Vangelo secondo Giovanni 21,20-25
In quel tempo, Pietro si voltò e vide che li seguiva quel discepolo che Gesù amava, colui che nella cena si era chinato sul suo petto e gli aveva domandato: «Signore, chi è che ti tradisce?». Pietro dunque, come lo vide, disse a Gesù: «Signore, che cosa sarà di lui?». Gesù gli rispose: «Se voglio che egli rimanga finché io venga, a te che importa? Tu seguimi». Si diffuse perciò tra i fratelli la voce che quel discepolo non sarebbe morto. Gesù però non gli aveva detto che non sarebbe morto, ma: «Se voglio che egli rimanga finché io venga, a te che importa?».

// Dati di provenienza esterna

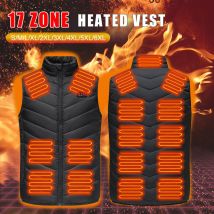 Veste Chauffante Homme Femme, Gilet Chauffant Électrique avec 17 Zones, pour Moto Chasse Randonnée Ski,L - Sjlerst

Questi è il discepolo che testimonia queste cose e le ha scritte, e noi sappiamo che la sua testimonianza è vera. Vi sono ancora molte altre cose compiute da Gesù che, se fossero scritte una per una, penso che il mondo stesso non basterebbe a contenere i libri che si dovrebbero scrivere.
IL VANGELO CHE RIMANE
Giovanni, l’unico degli apostoli a non morire martire, mette la firma al suo Vangelo. Egli è consapevole che la vita e il mistero di Gesù sono ben più grandi di quanto egli abbia potuto raccontare. Il Vangelo rimane aperto. Non sono perché la pagina scritta non arriva a dire tutto, ma anche perché la sua comprensione è inesauribile. Soprattutto, la semente del Vangelo continua a portare frutto nella vita dei discepoli donando la grazia di ripercorrere e rivivere nel tempo presente il mistero del Signore risorto.